What is an Inverted Market
In the context of futures markets, an inverted market occurs when near maturity contracts are higher in price than far maturity contracts. Another term for this condition is backwardation.
BREAKING DOWN Inverted Market
An inverted market, or backwardation, is a situation where the futures market price of a commodity is above the expected spot price at the same maturity. Typically, in this type of market, we see the near-month contract above the middle month contract, which is above the far-month contract. The curve of price vs. maturity would be downward sloping.
In contrast, a regular, or non-inverted market, has an upward sloping price vs. maturity curve. Another name for this condition is contango.

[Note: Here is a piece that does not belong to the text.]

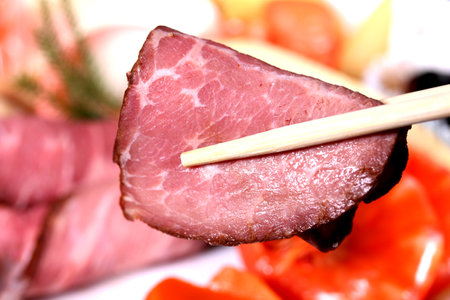 Eating roast beef with chopsticksの写真素材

When a market is inverted or in backwardation, it describes a situation in which the delivery price of a particular futures contract has to converge downward to meet the future expected price. If prices did not converge, it would set up an opportunity for investors to profit from arbitrage. Inverted situations can be costly to investors holding net long positions since futures prices necessarily fall, all else held constant.
For example, assume an investor goes long with a futures contract at $100. The contract is due in one year. If the expected future spot price is $70, the market is in backwardation, and the futures price will have to fall (unless the future spot price changes) to converge with the expected future spot price.
Causes for Inverted Markets
The most common reason a market inverts is due to short-term disruptions in supply of the underlying. For crude oil futures, that could be an OPEC policy to restrict exports or a hurricane damaging a crude oil port on the Gulf coast. Therefore, deliveries now are more valuable than deliveries later in time.
Agricultural commodities might see shortages due to weather. Financial futures might see short-term price squeezes due to changes in trade policy, taxes or interest rates.
Regular, or non-inverted, markets show near month delivery contracts priced below later month delivery contracts. This is due to costs associated with taking delivery of the underlying commodity now and holding it, or carrying it, until a later date. Carrying costs include interest, insurance and storage. They also include opportunity costs as money tied up in the commodity cannot earn interest capital gains elsewhere.
When the cost of a futures contract equals the spot price plus the full cost of carry, that market is said to be in full carry. Contango markets can be above or below full carry. Clearly, an extreme deviation below a full carry condition could put the market into backwardation.
There is a caveat in that some markets, most notably energy, inverted or backwardation is normal, at least for long stretches of time.